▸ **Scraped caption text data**
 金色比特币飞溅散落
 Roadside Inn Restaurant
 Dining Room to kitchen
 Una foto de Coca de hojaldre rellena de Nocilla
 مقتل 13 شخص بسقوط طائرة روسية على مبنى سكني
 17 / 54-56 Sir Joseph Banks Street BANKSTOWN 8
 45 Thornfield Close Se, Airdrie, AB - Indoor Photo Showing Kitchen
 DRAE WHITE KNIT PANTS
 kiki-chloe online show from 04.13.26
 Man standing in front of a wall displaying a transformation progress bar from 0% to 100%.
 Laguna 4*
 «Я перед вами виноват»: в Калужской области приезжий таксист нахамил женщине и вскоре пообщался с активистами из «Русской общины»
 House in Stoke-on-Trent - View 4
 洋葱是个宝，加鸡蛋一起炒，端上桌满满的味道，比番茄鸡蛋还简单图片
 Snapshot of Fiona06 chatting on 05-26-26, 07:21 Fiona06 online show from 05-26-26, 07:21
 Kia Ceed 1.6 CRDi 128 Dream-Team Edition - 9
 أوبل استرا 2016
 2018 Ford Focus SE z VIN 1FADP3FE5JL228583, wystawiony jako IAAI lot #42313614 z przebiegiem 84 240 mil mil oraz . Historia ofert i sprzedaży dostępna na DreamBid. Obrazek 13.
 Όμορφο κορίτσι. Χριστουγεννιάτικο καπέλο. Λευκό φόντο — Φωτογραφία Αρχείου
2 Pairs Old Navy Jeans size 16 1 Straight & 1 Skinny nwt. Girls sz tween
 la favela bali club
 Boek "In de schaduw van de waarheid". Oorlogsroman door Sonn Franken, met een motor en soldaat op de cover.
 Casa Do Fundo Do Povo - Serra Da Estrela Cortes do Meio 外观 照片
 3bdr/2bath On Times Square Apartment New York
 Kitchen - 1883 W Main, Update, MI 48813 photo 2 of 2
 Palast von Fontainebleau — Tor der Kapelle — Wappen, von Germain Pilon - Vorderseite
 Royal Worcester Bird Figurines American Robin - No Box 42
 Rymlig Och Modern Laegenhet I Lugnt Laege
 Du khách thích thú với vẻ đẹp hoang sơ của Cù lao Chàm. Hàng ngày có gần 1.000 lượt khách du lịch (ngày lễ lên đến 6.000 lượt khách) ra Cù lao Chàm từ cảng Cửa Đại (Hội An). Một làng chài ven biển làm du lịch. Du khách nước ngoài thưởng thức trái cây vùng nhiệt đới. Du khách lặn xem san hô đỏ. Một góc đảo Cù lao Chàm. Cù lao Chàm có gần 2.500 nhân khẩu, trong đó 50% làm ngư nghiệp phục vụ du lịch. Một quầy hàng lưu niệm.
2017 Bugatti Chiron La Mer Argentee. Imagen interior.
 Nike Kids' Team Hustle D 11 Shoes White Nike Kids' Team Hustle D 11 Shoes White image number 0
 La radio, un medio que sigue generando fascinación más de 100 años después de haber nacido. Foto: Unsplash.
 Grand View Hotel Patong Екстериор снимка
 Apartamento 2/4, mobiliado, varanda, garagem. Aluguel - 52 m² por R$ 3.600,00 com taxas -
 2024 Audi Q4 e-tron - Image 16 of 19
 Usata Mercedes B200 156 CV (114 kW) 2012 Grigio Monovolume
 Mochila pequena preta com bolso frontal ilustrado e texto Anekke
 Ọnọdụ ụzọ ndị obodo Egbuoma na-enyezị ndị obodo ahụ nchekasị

▸ **What you will do**
Set down each entry above again exactly as it reads.

▸ **Answer box**
 金色比特币飞溅散落
 Roadside Inn Restaurant
 Dining Room to kitchen
 Una foto de Coca de hojaldre rellena de Nocilla
 مقتل 13 شخص بسقوط طائرة روسية على مبنى سكني
 17 / 54-56 Sir Joseph Banks Street BANKSTOWN 8
 45 Thornfield Close Se, Airdrie, AB - Indoor Photo Showing Kitchen
 DRAE WHITE KNIT PANTS
 kiki-chloe online show from 04.13.26
 Man standing in front of a wall displaying a transformation progress bar from 0% to 100%.
 Laguna 4*
 «Я перед вами виноват»: в Калужской области приезжий таксист нахамил женщине и вскоре пообщался с активистами из «Русской общины»
 House in Stoke-on-Trent - View 4
 洋葱是个宝，加鸡蛋一起炒，端上桌满满的味道，比番茄鸡蛋还简单图片
 Snapshot of Fiona06 chatting on 05-26-26, 07:21 Fiona06 online show from 05-26-26, 07:21
 Kia Ceed 1.6 CRDi 128 Dream-Team Edition - 9
 أوبل استرا 2016
 2018 Ford Focus SE z VIN 1FADP3FE5JL228583, wystawiony jako IAAI lot #42313614 z przebiegiem 84 240 mil mil oraz . Historia ofert i sprzedaży dostępna na DreamBid. Obrazek 13.
 Όμορφο κορίτσι. Χριστουγεννιάτικο καπέλο. Λευκό φόντο — Φωτογραφία Αρχείου
2 Pairs Old Navy Jeans size 16 1 Straight & 1 Skinny nwt. Girls sz tween
 la favela bali club
 Boek "In de schaduw van de waarheid". Oorlogsroman door Sonn Franken, met een motor en soldaat op de cover.
 Casa Do Fundo Do Povo - Serra Da Estrela Cortes do Meio 外观 照片
 3bdr/2bath On Times Square Apartment New York
 Kitchen - 1883 W Main, Update, MI 48813 photo 2 of 2
 Palast von Fontainebleau — Tor der Kapelle — Wappen, von Germain Pilon - Vorderseite
 Royal Worcester Bird Figurines American Robin - No Box 42
 Rymlig Och Modern Laegenhet I Lugnt Laege
 Du khách thích thú với vẻ đẹp hoang sơ của Cù lao Chàm. Hàng ngày có gần 1.000 lượt khách du lịch (ngày lễ lên đến 6.000 lượt khách) ra Cù lao Chàm từ cảng Cửa Đại (Hội An). Một làng chài ven biển làm du lịch. Du khách nước ngoài thưởng thức trái cây vùng nhiệt đới. Du khách lặn xem san hô đỏ. Một góc đảo Cù lao Chàm. Cù lao Chàm có gần 2.500 nhân khẩu, trong đó 50% làm ngư nghiệp phục vụ du lịch. Một quầy hàng lưu niệm.
2017 Bugatti Chiron La Mer Argentee. Imagen interior.
 Nike Kids' Team Hustle D 11 Shoes White Nike Kids' Team Hustle D 11 Shoes White image number 0
 La radio, un medio que sigue generando fascinación más de 100 años después de haber nacido. Foto: Unsplash.
 Grand View Hotel Patong Екстериор снимка
 Apartamento 2/4, mobiliado, varanda, garagem. Aluguel - 52 m² por R$ 3.600,00 com taxas -
 2024 Audi Q4 e-tron - Image 16 of 19
 Usata Mercedes B200 156 CV (114 kW) 2012 Grigio Monovolume
 Mochila pequena preta com bolso frontal ilustrado e texto Anekke
 Ọnọdụ ụzọ ndị obodo Egbuoma na-enyezị ndị obodo ahụ nchekasị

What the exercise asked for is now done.